• **Work required**: All of the data should be given again word for word, though the images are to be left out.

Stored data
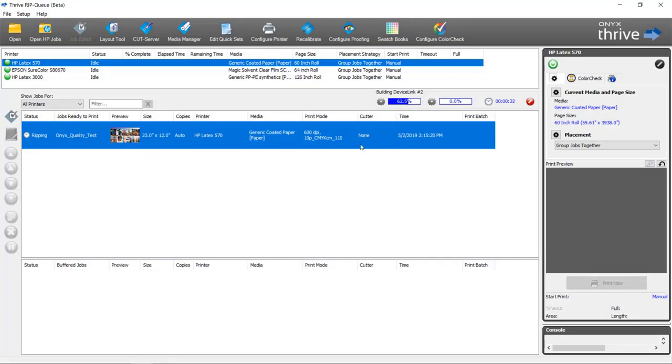The important thing to note is it's going to build the device links that match the color spaces for the file. What this means is we're only building the device link profiles that are needed at the time.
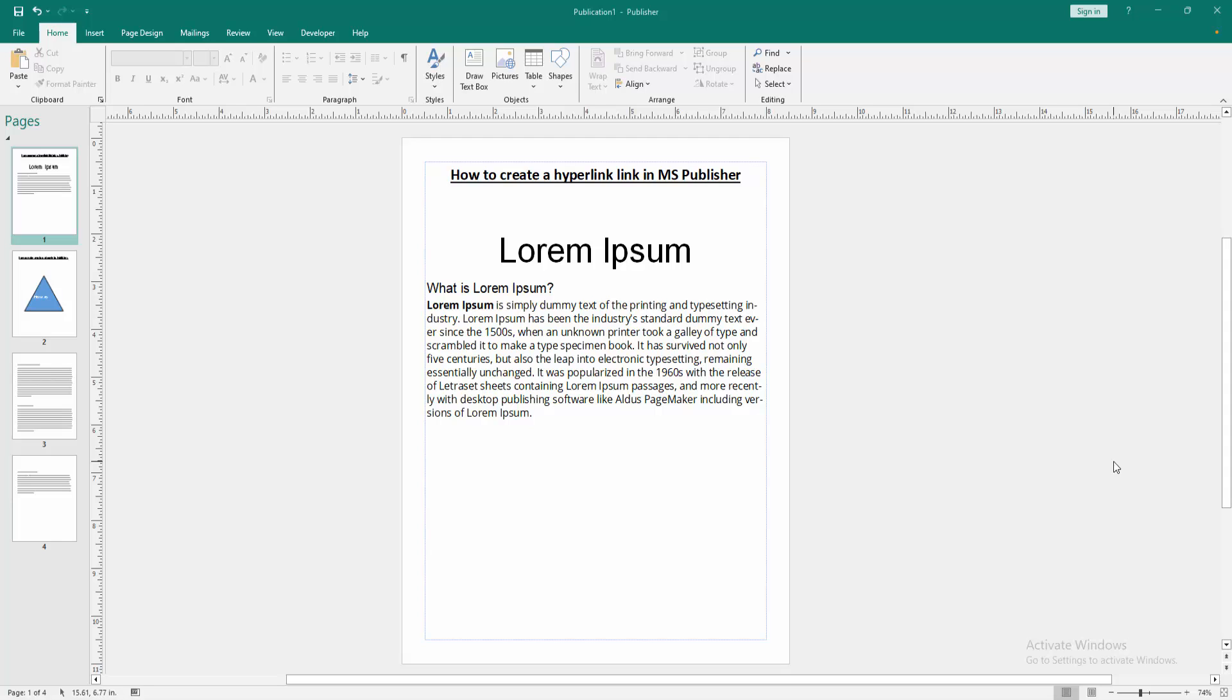Assalamualaikum. Hello friends, how are you? Welcome back to my another video. In this video, I am going to show you how to create a hyperlink in MS Publisher. Let's get started.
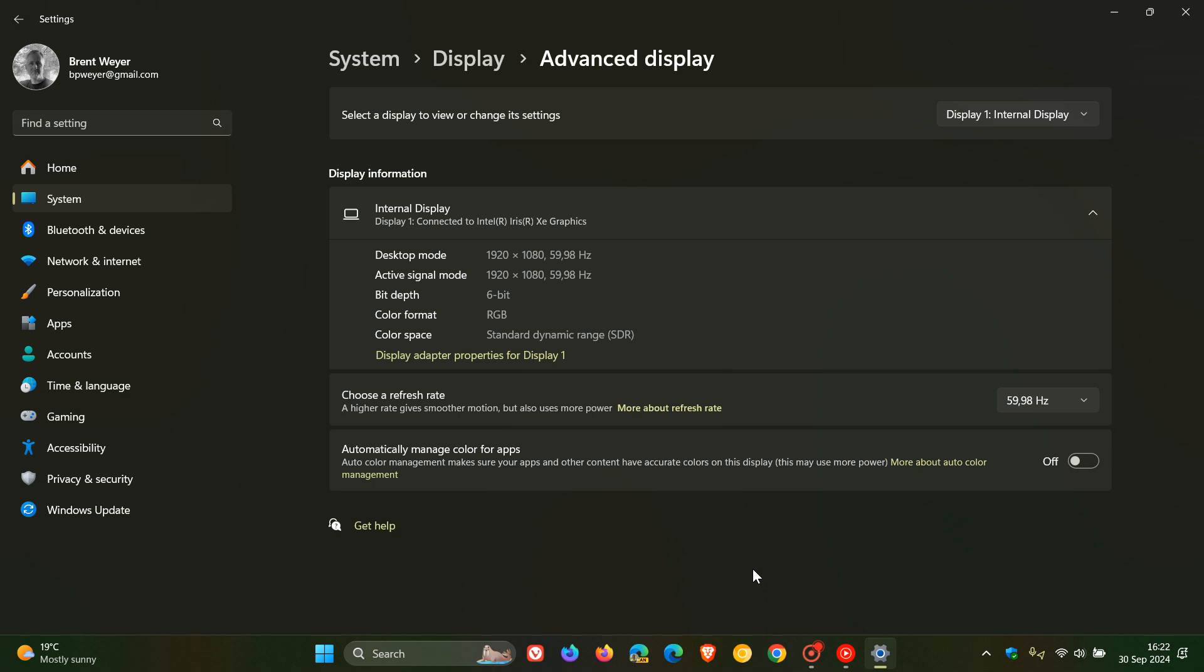Here we get our Advanced Display and choose a refresh rate. It says a higher rate gives smoother motion but also uses more power, as I mentioned. So always take note of that. There's always a bit of give and take. Now, I've got quite a basic monitor with this laptop of mine. You can see the max is 59.98 hertz, which basically is just rounded off at 60 hertz.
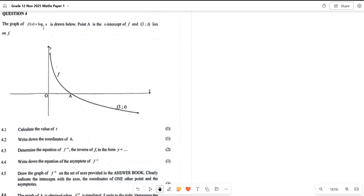Okay, so in this video we are doing question number four. It's not an extremely difficult question — you just need to know the concept of log and you'll be sorted out. So what we are given here, let me just rewrite that.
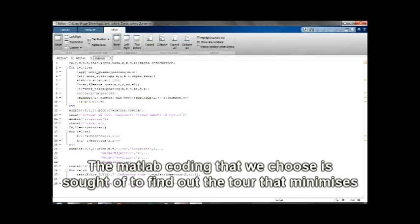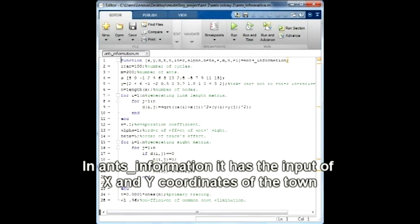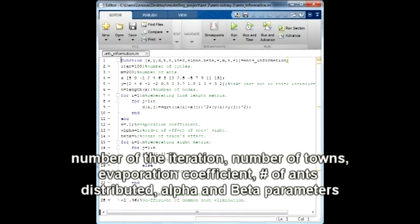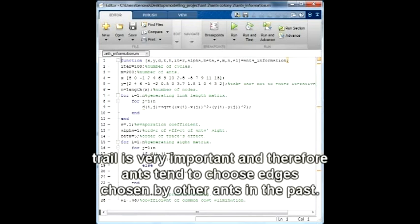The MATLAB coding chosen is designed to find the tour that minimizes the distance traveled in visiting all towns. The inputs include the x and y coordinates of the towns, number of iterations, number of towns, evaporation coefficient, number of ants distributed, and alpha and beta parameters. Variables alpha and beta control the weight of factors in the transition function. A high value for alpha means the trail is very important, and therefore ants tend to choose paths chosen by other ants in the past.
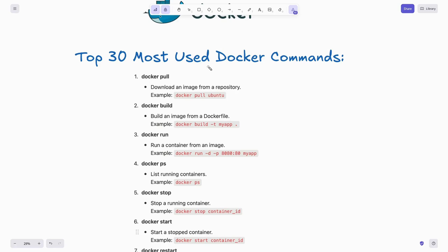Let's quickly go over the top 30 most used Docker commands. These commands will help you manage Docker containers like a pro.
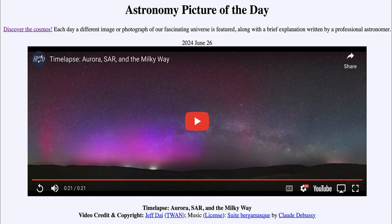Greetings and welcome to the Astronomy Picture of the Day podcast. Today's picture for June 26th of 2024 is titled Time-lapse, Aurora, SAR, and the Milky Way. So what do we see here?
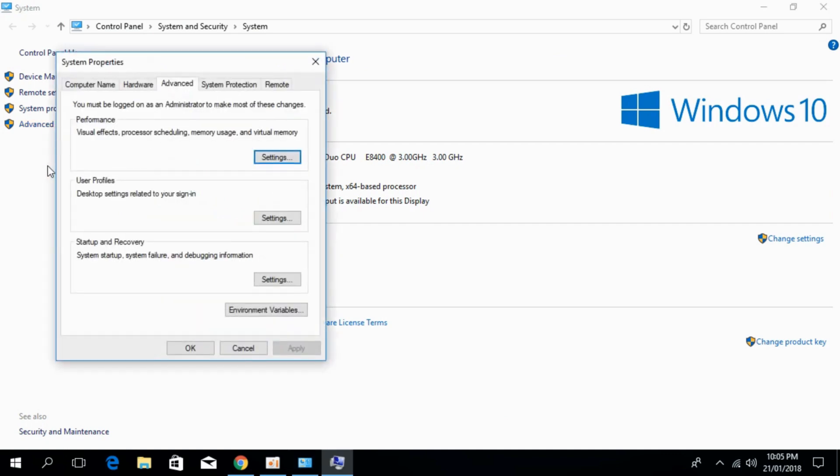Here, go down to Startup and Recovery and click on Settings.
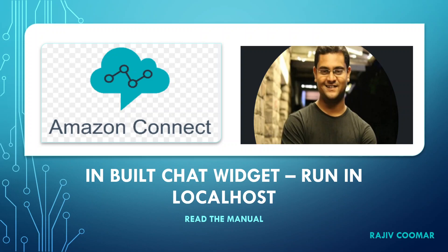Hi guys, in today's video we are going to discuss how to build or generate the chat widget from Amazon Connect, and how to run it in localhost.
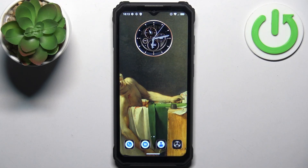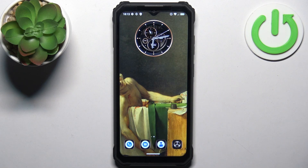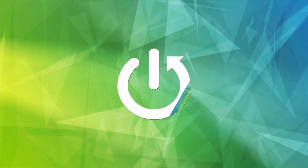Here I have Ocitel WP23 and today I'm going to show you how to transfer contacts from SIM card to this device.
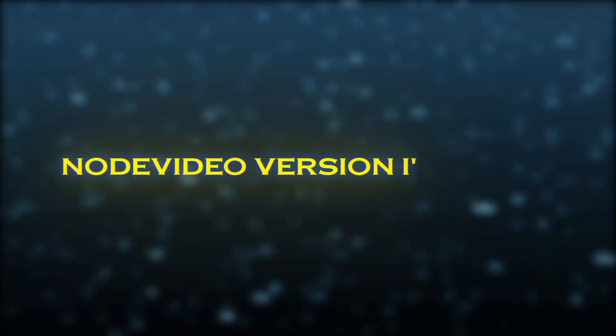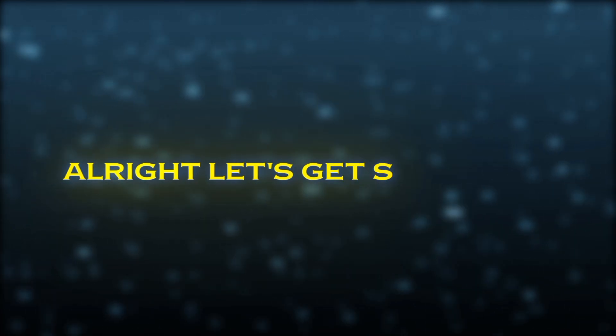And if you want the same Noda Video version I am using, you can grab it from my Telegram channel. Alright, let's get started.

• **Result**:
The important thing to note is it's going to build the device links that match the color spaces for the file. What this means is we're only building the device link profiles that are needed at the time.
Assalamualaikum. Hello friends, how are you? Welcome back to my another video. In this video, I am going to show you how to create a hyperlink in MS Publisher. Let's get started.
Here we get our Advanced Display and choose a refresh rate. It says a higher rate gives smoother motion but also uses more power, as I mentioned. So always take note of that. There's always a bit of give and take. Now, I've got quite a basic monitor with this laptop of mine. You can see the max is 59.98 hertz, which basically is just rounded off at 60 hertz.
Okay, so in this video we are doing question number four. It's not an extremely difficult question — you just need to know the concept of log and you'll be sorted out. So what we are given here, let me just rewrite that.
The MATLAB coding chosen is designed to find the tour that minimizes the distance traveled in visiting all towns. The inputs include the x and y coordinates of the towns, number of iterations, number of towns, evaporation coefficient, number of ants distributed, and alpha and beta parameters. Variables alpha and beta control the weight of factors in the transition function. A high value for alpha means the trail is very important, and therefore ants tend to choose paths chosen by other ants in the past.
Let's quickly go over the top 30 most used Docker commands. These commands will help you manage Docker containers like a pro.
Greetings and welcome to the Astronomy Picture of the Day podcast. Today's picture for June 26th of 2024 is titled Time-lapse, Aurora, SAR, and the Milky Way. So what do we see here?
Here, go down to Startup and Recovery and click on Settings.
Hi guys, in today's video we are going to discuss how to build or generate the chat widget from Amazon Connect, and how to run it in localhost.
Here I have Ocitel WP23 and today I'm going to show you how to transfer contacts from SIM card to this device.
And if you want the same Noda Video version I am using, you can grab it from my Telegram channel. Alright, let's get started.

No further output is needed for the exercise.